- **Problem description**: The answer should be an exact repeat of the stretch of material below from the line containing "Number 4: Apple" through the line containing "Exercise four, page".

- **The data**:
────

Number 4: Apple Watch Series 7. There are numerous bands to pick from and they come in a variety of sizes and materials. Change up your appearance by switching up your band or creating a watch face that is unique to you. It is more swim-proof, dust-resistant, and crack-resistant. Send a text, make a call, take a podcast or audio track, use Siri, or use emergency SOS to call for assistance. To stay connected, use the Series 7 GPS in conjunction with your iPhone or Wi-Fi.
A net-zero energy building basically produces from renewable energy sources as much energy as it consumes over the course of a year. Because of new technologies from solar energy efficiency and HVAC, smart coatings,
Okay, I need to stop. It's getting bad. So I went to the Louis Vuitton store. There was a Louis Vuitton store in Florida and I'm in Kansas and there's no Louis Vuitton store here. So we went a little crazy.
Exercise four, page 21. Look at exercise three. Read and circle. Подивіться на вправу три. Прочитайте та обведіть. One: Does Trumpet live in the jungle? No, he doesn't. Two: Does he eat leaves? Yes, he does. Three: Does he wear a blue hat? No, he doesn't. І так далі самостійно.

────

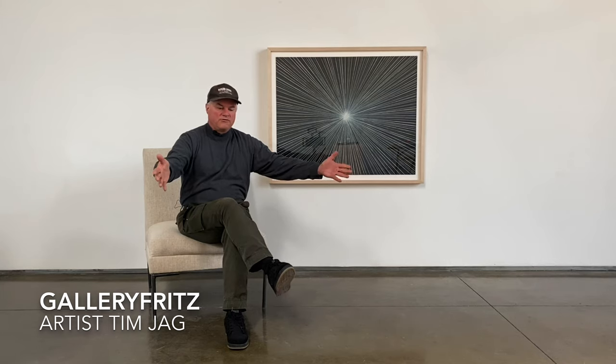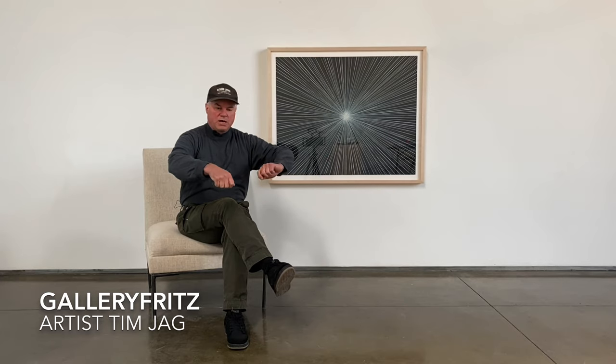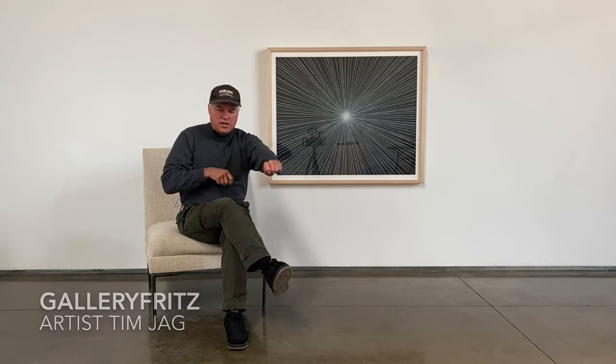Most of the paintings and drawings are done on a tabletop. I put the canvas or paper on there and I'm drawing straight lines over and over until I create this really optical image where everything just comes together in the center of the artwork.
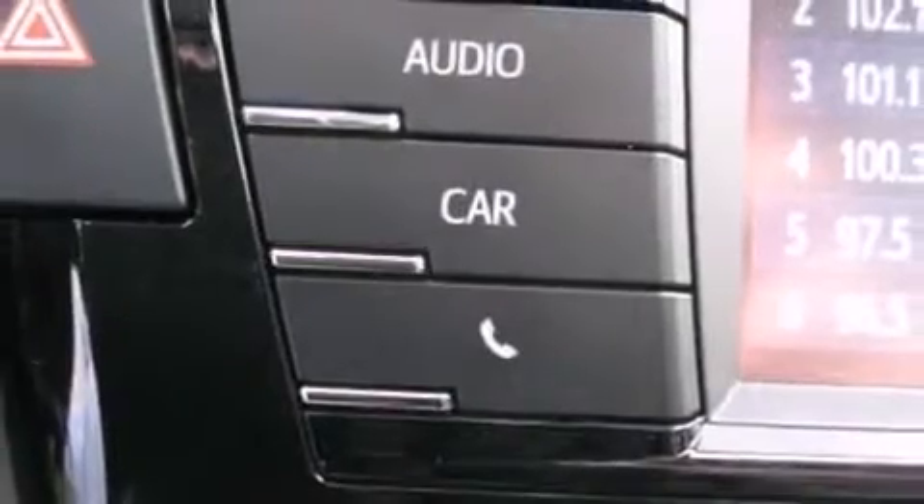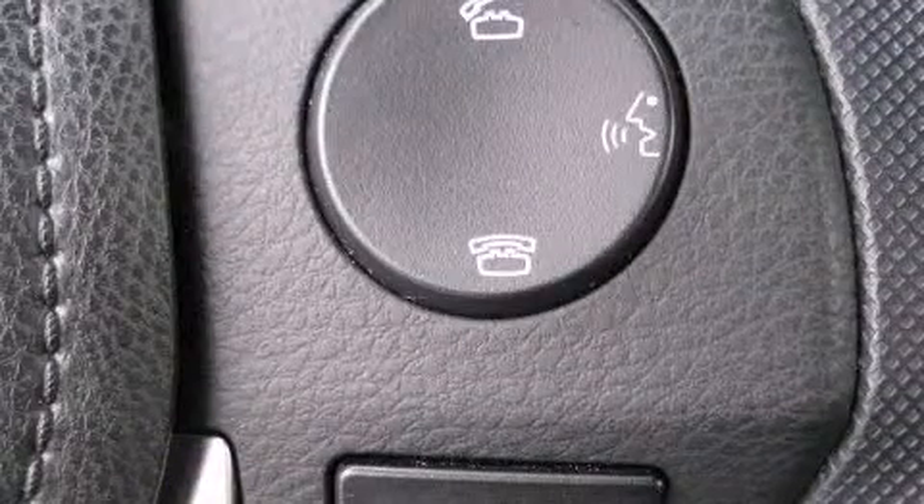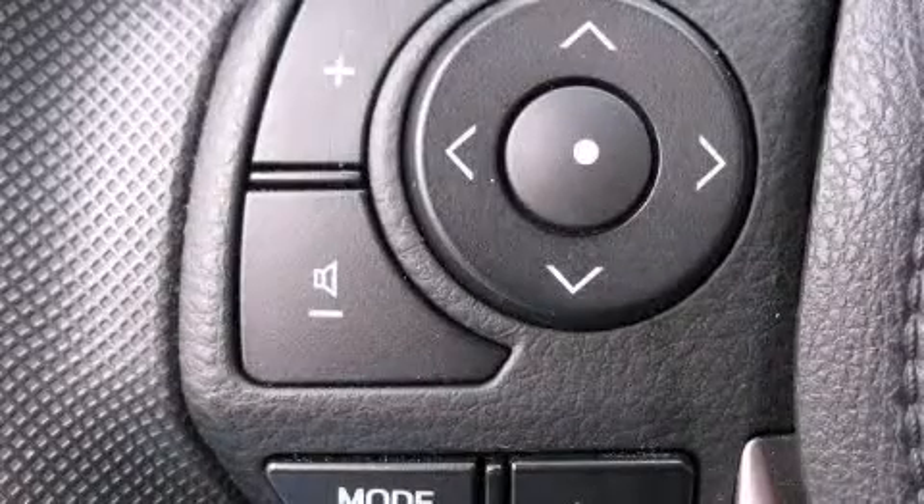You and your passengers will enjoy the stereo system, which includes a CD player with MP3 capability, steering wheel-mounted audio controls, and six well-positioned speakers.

────

- **Solved exercise**:
Number 4: Apple Watch Series 7. There are numerous bands to pick from and they come in a variety of sizes and materials. Change up your appearance by switching up your band or creating a watch face that is unique to you. It is more swim-proof, dust-resistant, and crack-resistant. Send a text, make a call, take a podcast or audio track, use Siri, or use emergency SOS to call for assistance. To stay connected, use the Series 7 GPS in conjunction with your iPhone or Wi-Fi.
A net-zero energy building basically produces from renewable energy sources as much energy as it consumes over the course of a year. Because of new technologies from solar energy efficiency and HVAC, smart coatings,
Okay, I need to stop. It's getting bad. So I went to the Louis Vuitton store. There was a Louis Vuitton store in Florida and I'm in Kansas and there's no Louis Vuitton store here. So we went a little crazy.
Exercise four, page 21. Look at exercise three. Read and circle. Подивіться на вправу три. Прочитайте та обведіть. One: Does Trumpet live in the jungle? No, he doesn't. Two: Does he eat leaves? Yes, he does. Three: Does he wear a blue hat? No, he doesn't. І так далі самостійно.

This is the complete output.